I know, Netflix is more convenient. I know, it has no late fees. I know, it makes sure you always have a movie or two lying around. I know it has a cheaper, bigger selection and a cool, easy-to-use website. And plus, Netflix is a culture unto itself with accounts, recommendations, and queues. Fine, Netflix wins.
But I still think Blockbuster retains something that Netflix could never have, and that is the group ritual of choosing a movie. It's a tiny thing to claim as an advantage, and many would call it a disadvantage, but I want to give it a shout out nonetheless.
Have you ever been to Blockbuster? You probably weren't alone. You and your wife, or your boyfriend, or your friends, or your roomate, went down to the store, walked around the racetrack, and considered your choices.
Along the way, you guys might have had some fun. I can't think of any experience that comes close in terms of social shopping. The "what are we going to watch?" dilemma is accompanied by frustration (I really want to get this but everyone else has already seen it) and differences of opinion (sorry honey, I don't like horror films).

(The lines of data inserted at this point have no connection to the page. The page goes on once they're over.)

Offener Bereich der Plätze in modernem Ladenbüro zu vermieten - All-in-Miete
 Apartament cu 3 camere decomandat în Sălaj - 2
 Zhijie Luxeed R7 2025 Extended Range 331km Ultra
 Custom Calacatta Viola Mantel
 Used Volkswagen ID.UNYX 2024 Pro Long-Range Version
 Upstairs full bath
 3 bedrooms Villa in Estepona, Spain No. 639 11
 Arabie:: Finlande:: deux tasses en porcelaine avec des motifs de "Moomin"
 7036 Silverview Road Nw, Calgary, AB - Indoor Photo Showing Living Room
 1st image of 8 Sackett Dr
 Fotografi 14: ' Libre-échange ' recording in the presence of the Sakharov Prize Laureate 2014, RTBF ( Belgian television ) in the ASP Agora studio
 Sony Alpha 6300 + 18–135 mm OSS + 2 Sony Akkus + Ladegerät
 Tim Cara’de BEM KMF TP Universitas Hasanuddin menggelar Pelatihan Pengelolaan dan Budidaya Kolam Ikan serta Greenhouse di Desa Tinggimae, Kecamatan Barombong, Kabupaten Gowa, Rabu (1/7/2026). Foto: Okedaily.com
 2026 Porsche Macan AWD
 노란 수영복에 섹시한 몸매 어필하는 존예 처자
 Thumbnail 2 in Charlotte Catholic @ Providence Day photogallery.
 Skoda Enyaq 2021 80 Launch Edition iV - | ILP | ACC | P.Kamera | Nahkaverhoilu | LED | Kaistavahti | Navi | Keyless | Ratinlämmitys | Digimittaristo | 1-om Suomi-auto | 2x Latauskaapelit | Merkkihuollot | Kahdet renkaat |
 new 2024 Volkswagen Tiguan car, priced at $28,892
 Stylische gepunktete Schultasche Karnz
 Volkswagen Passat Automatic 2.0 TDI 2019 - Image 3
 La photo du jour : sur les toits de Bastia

It's also full of personal recommendations (this movie is AWESOME, you guys should all see it) and storytelling (I saw that on my first date!) In high school we always had one movie that we would pick up, and with our most straight face, announce "You guys, I really think we should get this." It was a documentary called "Jesus" and we laughed our heads off every time we pretended to suggest it.
This type of group shopping so rarely happens. You wouldn't go with your whole family to buy a new dress. You wouldn't take five friends to get groceries. Group shopping really only works when it's entertaining enough for the whole group.
And Blockbuster is a facilitator of these kinds of social interactions. Compare the "Let's go down to the video store and pick out our movie," versus "A week ago I clicked on a website and two days ago I got the mail and yesterday I called some friends and tonight we watched it." They're just not the same.
I know that Netflix will continue to gain market share, and maybe one day we'll just think "I'd like to watch a movie" and ten movies will magically materialize in our hands. But for now, I'm still enjoying the ritual of the Blockbuster night.